When you first put in the CD, you are greeted by the usual hard rock guitar riffs and head banging songs that many fans are accustomed to. But, soon after, starting with 'Queen Of Sorrow', you are greeted with various power ballad-esque songs that will make you want to hold you lighter up into the air. But that isn't all. Through the album, mixed with the few faster songs are tracks that will make you feel as though you are listening to a heavier White Album by the "Beatles" or a song inspired by "Elton John".
And the amazing guitar riffs are fluent through the album. Many of the songs might be slower, but many are also progressively heavier guitar-wise with amazing solos adorning the album. So, if you do not like either of the two mentioned above, you'll still love the album for the sheer guitar work and heavy bass sounds (which, in 'Crazy Or High' actually caused the stereo's speaker's to fall from the wall from the vibrations).
So, all in all, the album is amazing.
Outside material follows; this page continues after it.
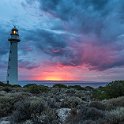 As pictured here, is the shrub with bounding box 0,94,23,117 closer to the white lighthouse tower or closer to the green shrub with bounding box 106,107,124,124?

From depressing songs that make you want to curl up and wheep, to the classic rock that "Zakk" himself is known to make, this album is definately worth your time. Not only does it give a brief example to the question many deeply educated music fans, and many musically knowledgable metal heads, have, but it also makes for an amazing release that is perfect for what it's title depicts. This album should definately be set in your radar, and picked up immediately.
One of the benefits of working at a college radio station is I get to take home CDs to review them. Then, I get to burn a copy for the station and keep the original, as is the case with this. Yeah, it's that cool. So, I have an assignment for all you SDMFers out there. Listen to "Spoke In The Wheel", "T.A.Z", "Like A Bird", "Bridge To Cross", "Speedball", "The Blessed Hellride", and especially "Dead Meadow". Listen to them closely. You did? Good, because they are all somewhat like a sign a what was to come, especially with "Dead Meadow". This CD is absolutely nothing like what we all were predicting. This is not at all the Book of Shadows-meets-Pride and Glory album we were expecting. This album is unique in it's own right. Neither Metal or really Rock, this album has the ability to grab your attention from the opening moments of "Crazy or High". From there is perhaps the most emotionally draining experience since Book of Shadows. The sound is so warm. The electric guitars are so strong yet the acoustics are so soft. Add to that shockingly great vocal harmonies and some vintage synth washed here and there, it's almost as if Zakk Wylde was going for something right out of the mid 70s. Think Eagles meets Zeppelin at their most moderate, ah, the wonders of analog production. But underneath the music and overall wonderful production, themes of Drug Addiction, Abuse, Grief and Loss, and finding inner strength either darken or lighten such songs as "Steppin' Stone", "She Deserves A Free Ride (Val's Song)", "Damage is Done", "Fear" and the heavily depressing "Layne", a tribute to the late Alice In Chains frontman. Also on this record is a bare bones piano-and-vocal rendition of Procol Harum's classic "Whiter Shade of Pale" which almost leaves something to the imagination, especially when, if you listen closely with headphones, you can hear very faint drumming by Craig Nunenmacher. If there's one thing to say about this CD, it's that for these reasons, BLS have finally made their masterpiece, Zakk's second overall. It's the heaviest and darkest BLS record yet. And not because of guitar tones, although that could attribute to it, but because Hangover Music Vol. 6 shows that heavy is also a feeling, a though, an attitude.